アポロ13号 ①

1970年4月17日、アポロ13号は無事に地球へ帰還しました。

1970年4月11日、米中部時間13時13分、ジェームズ・A・ラヴェル船長、ジョン・L・スワイガート司令船操縦士、フレッド・W・ヘイズ月着陸船操縦士を乗せたサターンV 型ロケットは、第3番目の有人月面飛行を目指して、ケネディ宇宙センター第39発射施設から発射された。

2日後、電線が短絡し火花が散ったことにより機械船の酸素タンクが爆発し、飛行士たちは深刻な電力と水の不足に見舞われることになった。司令船には独自のバッテリーと酸素が搭載されているが、それらは大気圏再突入の際に必要になるもので、使用することはできない。司令船の電力消費を限界まで抑えるために、月着陸船を救命ボート代わりにして、生成量が激減した飲料水の消費を極力控える負荷に耐え、無事地球に生還した。

この危機対応の鮮やかさにより、この一件は「成功した失敗 (“successful failure”)」、「栄光ある失敗」などと称えられた。

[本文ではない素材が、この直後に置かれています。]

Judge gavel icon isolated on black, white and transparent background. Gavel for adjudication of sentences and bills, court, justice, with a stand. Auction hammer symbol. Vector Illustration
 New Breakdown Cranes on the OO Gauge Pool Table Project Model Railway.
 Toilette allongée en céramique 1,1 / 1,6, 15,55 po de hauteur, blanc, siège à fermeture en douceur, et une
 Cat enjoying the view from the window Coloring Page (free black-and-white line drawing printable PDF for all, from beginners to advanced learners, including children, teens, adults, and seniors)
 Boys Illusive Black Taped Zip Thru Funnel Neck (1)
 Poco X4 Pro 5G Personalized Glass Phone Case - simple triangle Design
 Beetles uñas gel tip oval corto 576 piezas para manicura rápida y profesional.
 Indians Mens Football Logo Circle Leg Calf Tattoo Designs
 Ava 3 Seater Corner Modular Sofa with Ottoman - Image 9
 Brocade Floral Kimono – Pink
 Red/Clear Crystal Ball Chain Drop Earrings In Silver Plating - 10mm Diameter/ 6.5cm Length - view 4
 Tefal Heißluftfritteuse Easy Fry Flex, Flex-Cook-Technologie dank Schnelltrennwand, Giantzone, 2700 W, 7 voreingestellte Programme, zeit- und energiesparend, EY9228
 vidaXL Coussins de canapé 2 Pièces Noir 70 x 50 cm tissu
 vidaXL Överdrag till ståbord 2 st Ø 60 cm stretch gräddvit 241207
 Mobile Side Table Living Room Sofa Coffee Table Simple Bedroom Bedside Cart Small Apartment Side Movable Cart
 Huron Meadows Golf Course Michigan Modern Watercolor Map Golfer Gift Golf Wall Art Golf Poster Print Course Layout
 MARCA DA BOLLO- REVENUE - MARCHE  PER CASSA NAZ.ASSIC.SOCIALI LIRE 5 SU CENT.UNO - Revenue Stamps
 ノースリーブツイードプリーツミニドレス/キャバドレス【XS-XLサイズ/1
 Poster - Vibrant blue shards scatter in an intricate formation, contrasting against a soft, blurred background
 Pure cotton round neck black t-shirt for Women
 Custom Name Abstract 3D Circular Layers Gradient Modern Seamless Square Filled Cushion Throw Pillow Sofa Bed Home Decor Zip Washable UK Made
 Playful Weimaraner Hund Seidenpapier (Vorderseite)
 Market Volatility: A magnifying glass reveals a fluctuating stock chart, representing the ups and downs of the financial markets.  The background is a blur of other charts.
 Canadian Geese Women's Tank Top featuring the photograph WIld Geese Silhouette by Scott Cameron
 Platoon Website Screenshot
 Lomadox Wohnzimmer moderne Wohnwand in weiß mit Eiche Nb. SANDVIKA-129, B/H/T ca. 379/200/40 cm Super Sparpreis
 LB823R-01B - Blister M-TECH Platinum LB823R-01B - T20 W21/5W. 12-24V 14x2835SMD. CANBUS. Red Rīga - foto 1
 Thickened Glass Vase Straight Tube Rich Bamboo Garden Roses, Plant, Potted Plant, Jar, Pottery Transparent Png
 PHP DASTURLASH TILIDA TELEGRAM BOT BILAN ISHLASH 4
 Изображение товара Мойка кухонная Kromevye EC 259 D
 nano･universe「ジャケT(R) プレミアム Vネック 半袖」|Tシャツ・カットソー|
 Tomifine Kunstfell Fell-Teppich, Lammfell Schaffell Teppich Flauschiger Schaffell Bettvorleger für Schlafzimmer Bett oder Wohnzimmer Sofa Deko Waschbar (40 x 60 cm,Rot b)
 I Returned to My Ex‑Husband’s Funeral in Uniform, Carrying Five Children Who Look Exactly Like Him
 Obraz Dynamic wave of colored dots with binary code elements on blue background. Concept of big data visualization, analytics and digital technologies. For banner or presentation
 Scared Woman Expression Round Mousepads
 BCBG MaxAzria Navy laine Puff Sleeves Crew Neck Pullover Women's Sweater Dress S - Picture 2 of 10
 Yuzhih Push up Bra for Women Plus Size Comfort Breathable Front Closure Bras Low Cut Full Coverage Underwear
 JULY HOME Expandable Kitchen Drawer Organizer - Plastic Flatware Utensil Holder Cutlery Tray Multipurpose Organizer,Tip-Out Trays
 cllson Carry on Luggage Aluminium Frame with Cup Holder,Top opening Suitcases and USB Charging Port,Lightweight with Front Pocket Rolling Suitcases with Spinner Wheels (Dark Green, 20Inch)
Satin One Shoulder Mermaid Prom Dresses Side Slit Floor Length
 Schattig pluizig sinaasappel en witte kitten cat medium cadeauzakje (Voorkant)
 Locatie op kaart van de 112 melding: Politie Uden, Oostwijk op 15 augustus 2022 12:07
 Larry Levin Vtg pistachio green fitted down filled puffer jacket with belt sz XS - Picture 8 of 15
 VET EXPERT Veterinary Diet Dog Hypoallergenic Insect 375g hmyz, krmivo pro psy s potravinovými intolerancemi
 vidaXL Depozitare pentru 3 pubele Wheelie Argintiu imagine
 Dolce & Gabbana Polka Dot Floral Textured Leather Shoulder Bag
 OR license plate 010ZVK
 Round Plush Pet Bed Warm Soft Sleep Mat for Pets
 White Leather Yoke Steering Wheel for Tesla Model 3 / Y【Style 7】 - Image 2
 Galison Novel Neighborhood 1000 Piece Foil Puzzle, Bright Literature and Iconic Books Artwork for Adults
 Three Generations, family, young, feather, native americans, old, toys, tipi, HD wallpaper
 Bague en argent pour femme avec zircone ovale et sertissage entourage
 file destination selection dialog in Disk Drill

アポロ13号の着陸地点は、直径80kmのフラ・マウロクレーターを持つフラ・マウロ高地が予定されていた。ここは過去に巨大な隕石が衝突したとき、地下の溶岩が噴出したことによって形成されたと考えられる小丘で、地質学的に見てきわめて興味深いサンプルを採集できると期待されたため、候補として選ばれたのである。フラ・マウロへの着陸は、次のアポロ14号で実現された。

当初、発射は1970年3月に予定されていたが、(公式には)12号が持ち帰った月の石の分析に時間を掛ける必要があるとして、同年4月に延期されている。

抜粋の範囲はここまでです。